Differential entropy and thermokinetics of ammonia molecule adsorption on CaA zeolite (M-22)

Abstract

In This paper presents the results of differential entropy and adsorption equilibrium establishment time as a function of the magnitude of ammonia adsorption in zeolite CaA (M-22) at a constant temperature of 303 K. To measure the thermokinetics of adsorption, a system consisting of a universal high-vacuum adsorption apparatus coupled to a Tian-Calvet type differential microcalorimeter, DAC-1-1A, was used. A correlation between adsorption-energy and thermokinetic characteristics was found, and the molecular mechanism of ammonia adsorption in CaA (M-22) zeolites in the whole filling region was also revealed.
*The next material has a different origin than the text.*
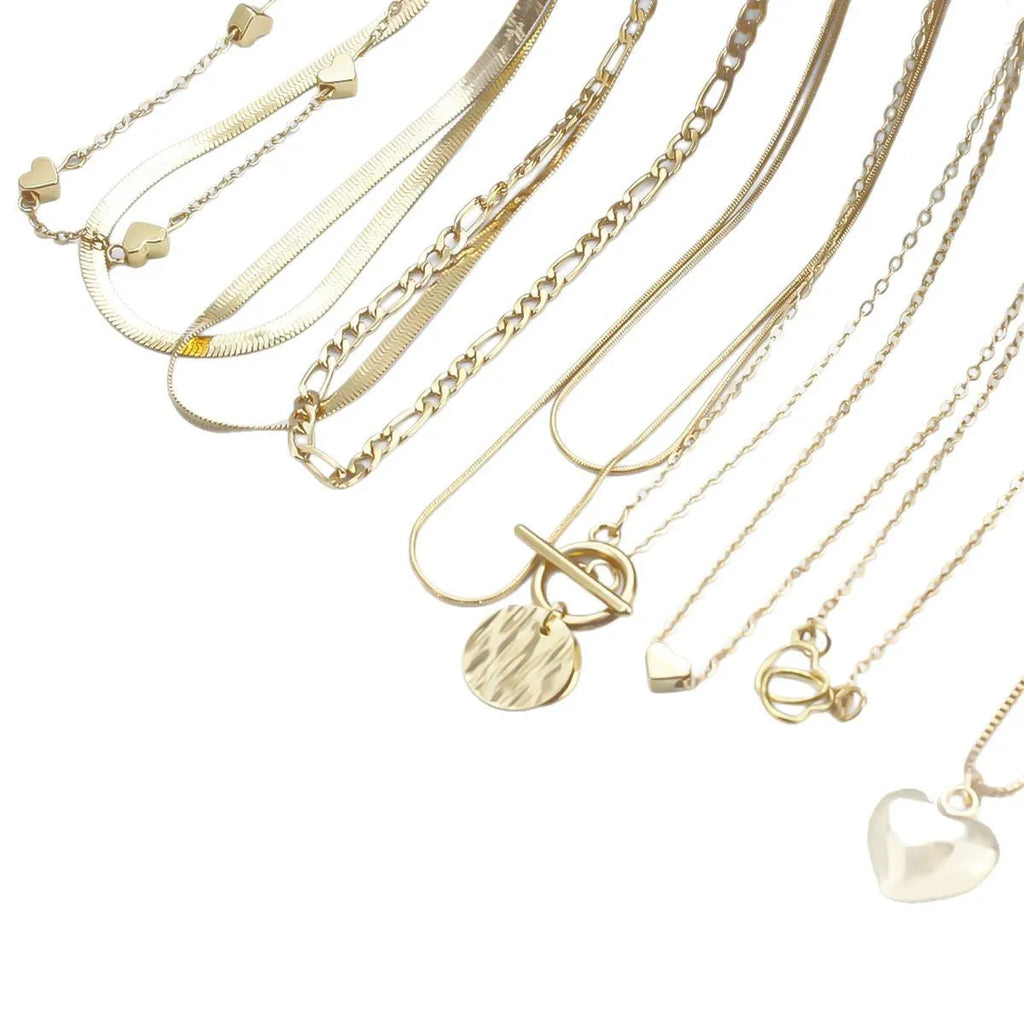 Set of ten gold-coloured women's necklaces with snake bones chains and alloy pendants.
A stepwise change in the differential entropy and thermokinetics of adsorption depending on the amount of sodium and calcium cations in the zeolite was found. Ammonia molecules initially form tetrameric ion-molecular complexes 4NH3:Na+ in the first coordination sphere with sodium cations and dimeric ion- molecular complexes 2NH3:Ca2+ with calcium cations. The average molar integral entropy of ammonia adsorption on zeolite CaA (M-22) was found to be -71 J/mol- K and indicates that in the zeolite the mobility of ammonia molecules is lower than the liquid phase and close to the solid phase mobility, leading to a strong inhibition of the mobility of adsorption on ammonia cations.